Le Fénelon qui apparaît à travers ces découvertes de l’érudition, quelque grand peintre d’histoire, quelque poète en donnera un jour le portrait. En attendant, et avec moins d’ambition, essayons une esquisse de Fénelon, et encore une esquisse au temps où Fénelon était un simple abbé, non sans amis ni sans génie, mais sans charge, sans fortune et sans notoriété. Menons ce récit jusqu’au jour où Fénelon s’abandonne sans plus résister à l’ascendant de Mme Guyon, — mais pas plus loin.

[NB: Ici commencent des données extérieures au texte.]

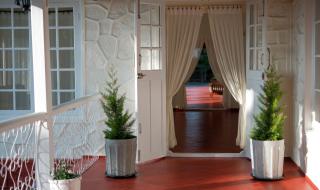 The Hundred House by Kisah Stays - Wayanad Colonial Estate Bungalow - 6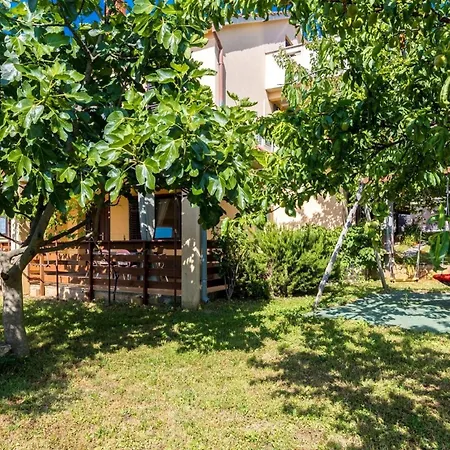 Apartament Fuer 5 Personen Ca 50 Qm In Njivice, Kvarner Bucht Krk
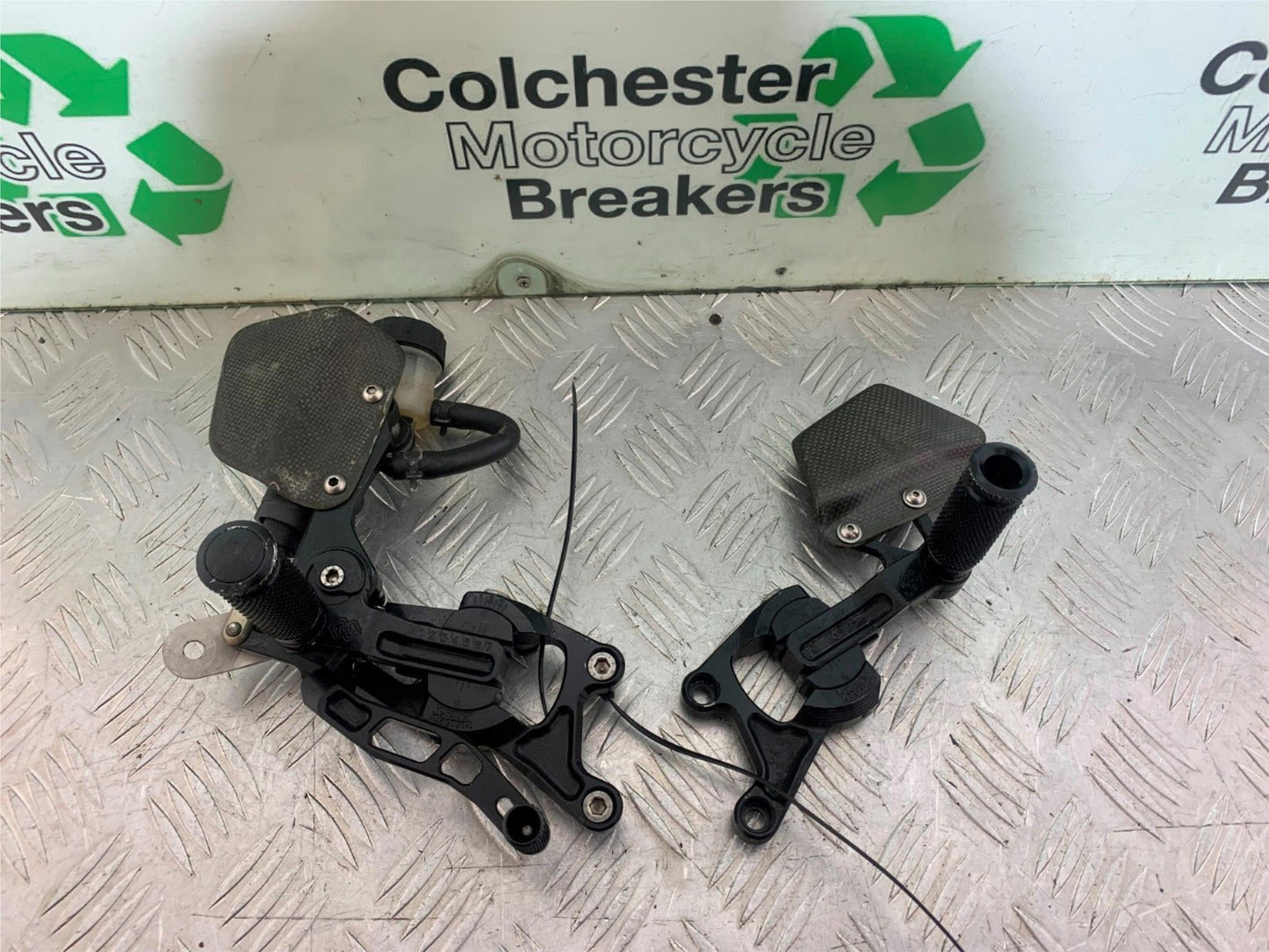 HONDA CBR1000RR CBR1000 RR FIREBLADE GILLES REARSETS HANGERS 2008-2011 (CMB1179)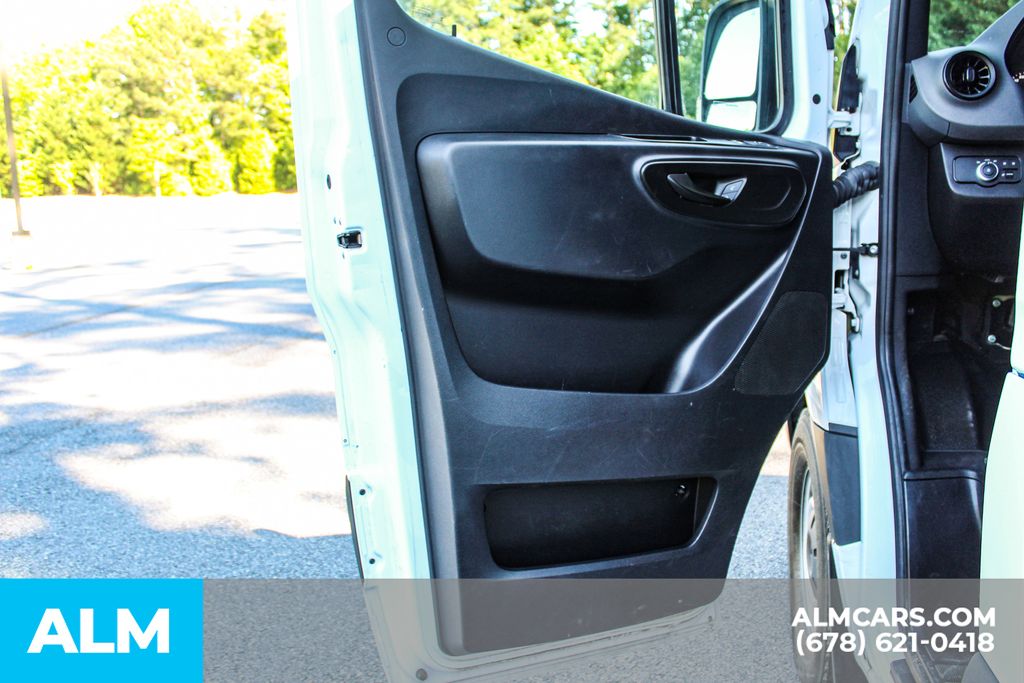 Used 2023 White Mercedes-Benz Cargo 170 WB image 30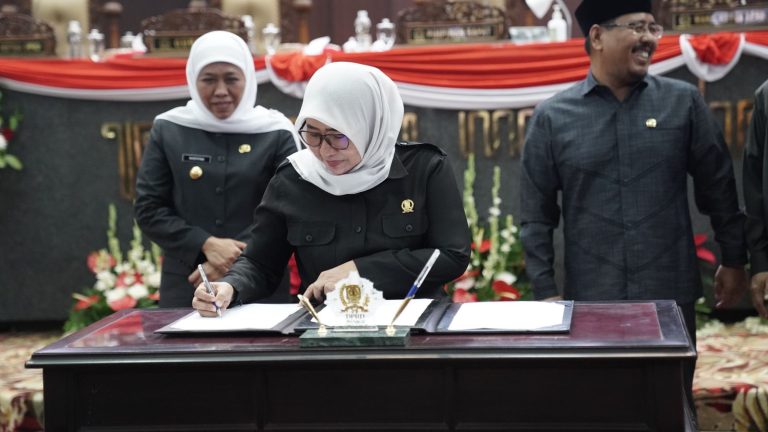 Wakil Ketua DPRD Jatim menandatangani pengesahan Raperda Perubahan atas Perda No 6/2022 menjadi Perda bersama Gubernur Jatim Khofifah dalam sidang paripurna (21/8/2023)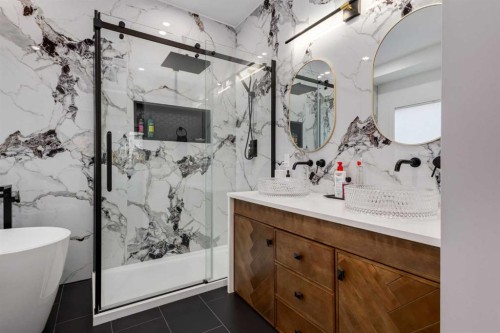 3223 Signal Hill Drive Sw, Calgary, AB - Indoor Photo Showing Bathroom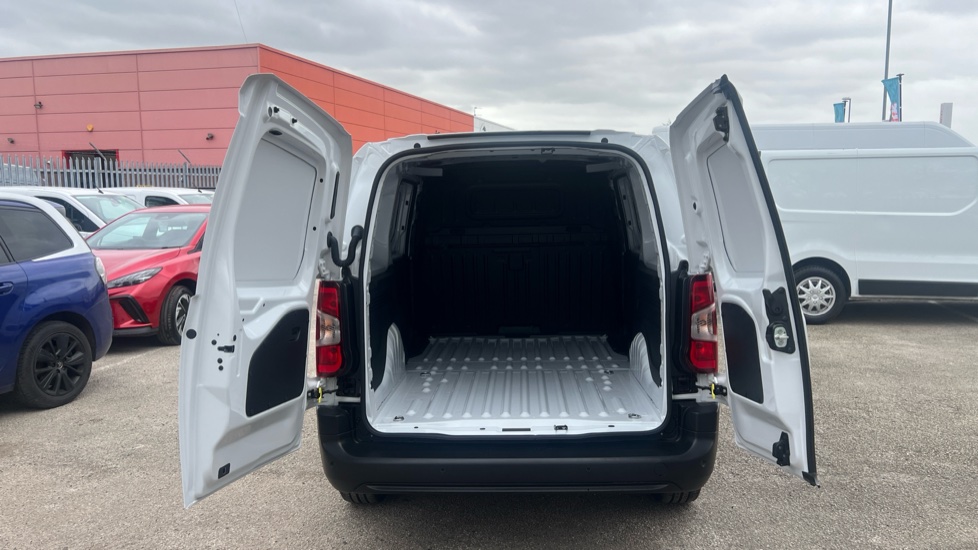 Citroen Berlingo Xl Diesel 1.5 BlueHDi 100ps Van Enterprise - Image 12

Voici donc, jusqu’au préceptorat du Duc de Bourgogne et avant l’évêché de Cambrai ; voici avant les controverses du Quiétisme, les plans du gouvernement et les tables de Chaulnes, avant les grandes espérances, les luttes et les chagrins, voici, dans son naturel, l’abbé de Fénelon.


I

Il est né d’une race particulièrement ingénieuse et distinguée. C’est un Périgourdin, et de la vallée de la Dordogne. Dernier enfant d’un second mariage, il était le fils tard-venu du comte Pons de Salignac de La Mothe-Fénelon et de Louise de La Cropte de Saint-Abre. Son père était vieux ; sa mère était jeune, pieuse, et belle probablement. C’étaient encore des seigneurs d’importance, arrière-neveux de prélats et d’ambassadeurs. Leur château, le château de Sainte-Mondane, dans une position magnifique, a gardé aujourd’hui un air dominateur, un air de puissance. Les murs formidables montent jusqu’à la hauteur d’un premier étage, sans une ouverture. On accède par un pont-levis dans de grandes salles où un goût délicat a réuni des meubles anciens, tels sans doute qu’il y en avait au XVIIe siècle.